At the railway-station we found no cab (it being an unknown vehicle in Lincoln), but only an omnibus belonging to the Saracen's Head, which the driver recommended as the best hotel in the city, and took us thither accordingly. It received us hospitably, and looked comfortable enough; though, like the hotels of most old English towns, it had a musty fragrance of antiquity, such as I have smelt in a seldom-opened London church where the broad-aisle is paved with tombstones. The house was of an ancient fashion, the entrance into its interior court-yard being through an arch, in the side of which is the door of the hotel. There are long corridors, an intricate arrangement of passages, and an up-and-down meandering of staircases, amid which it would be no marvel to encounter some forgotten guest who had gone astray a hundred years ago, and was still seeking for his bedroom while the rest of his generation were in their graves. There is no exaggerating the confusion of mind that seizes upon a stranger in the bewildering geography of a great old-fashioned English inn.

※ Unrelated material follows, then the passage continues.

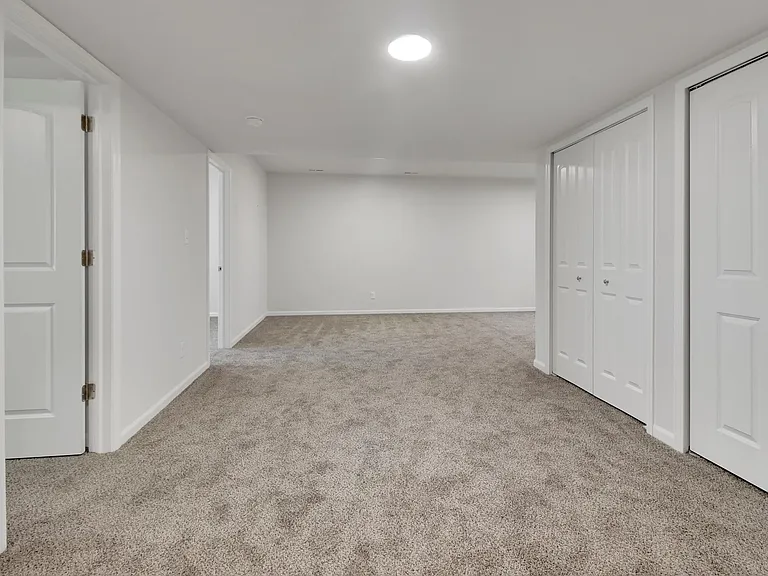 8253 Aviana Ave #B — Photo 11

This hotel stands in the principal street of Lincoln, and within a very short distance of one of the ancient city-gates, which is arched across the public way, with a smaller arch for foot-passengers on either side; the whole, a gray, time-gnawn, ponderous, shadowy structure, through the dark vista of which you look into the Middle Ages. The street is narrow, and retains many antique peculiarities; though, unquestionably, English domestic architecture has lost its most impressive features, in the course of the last century. In this respect, there are finer old towns than Lincoln: Chester, for instance, and Shrewsbury,—which last is unusually rich in those quaint and stately edifices where the gentry of the shire used to make their winter abodes, in a provincial metropolis. Almost everywhere, nowadays, there is a monotony of modern brick or stuccoed fronts, hiding houses that are older than ever, but obliterating the picturesque antiquity of the street.

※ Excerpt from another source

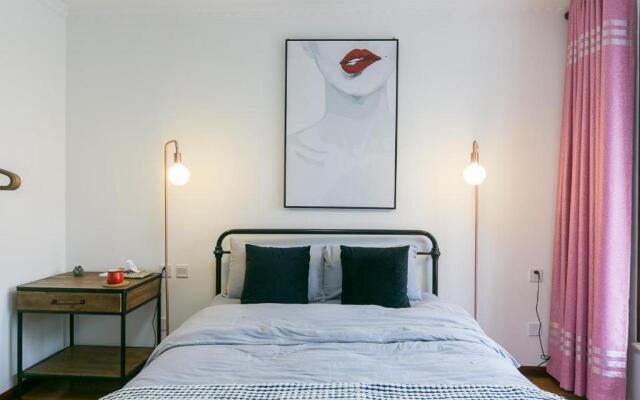 Xi’an NewTown·North Passenger Station· Locals Apartment 00125860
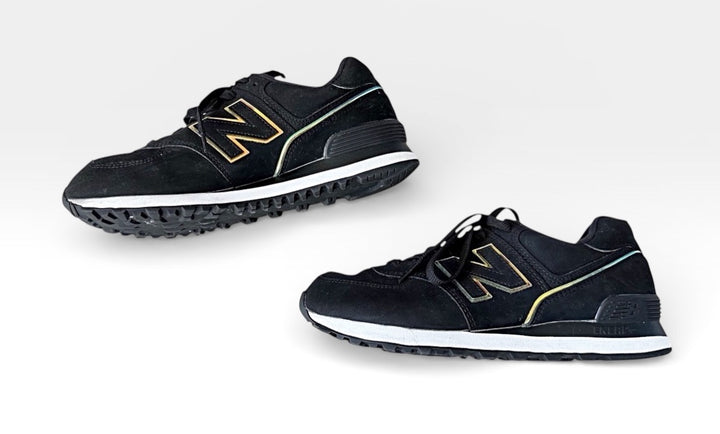 New Balance Preowned great condition Size 9 Black Sneakers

Between seven and eight o'clock (it being still broad daylight in these long English days) we set out to pay a preliminary visit to the exterior of the Cathedral. Passing through the Stone Bow, as the city-gate close by is called, we ascended a street which grew steeper and narrower as we advanced, till at last it got to be the steepest street I ever climbed,— so steep that any carriage, if left to itself, would rattle downward much faster than it could possibly be drawn up. Being almost the only hill in Lincolnshire, the inhabitants seem disposed to make the most of it. The houses on each side had no very remarkable aspect, except one with a stone portal and carved ornaments, which is now a dwelling-place for poverty-stricken people, but may have been an aristocratic abode in the days of the Norman kings, to whom its style of architecture dates back. This is called the Jewess's House, having been inhabited by a woman of that faith who was hanged six hundred years ago.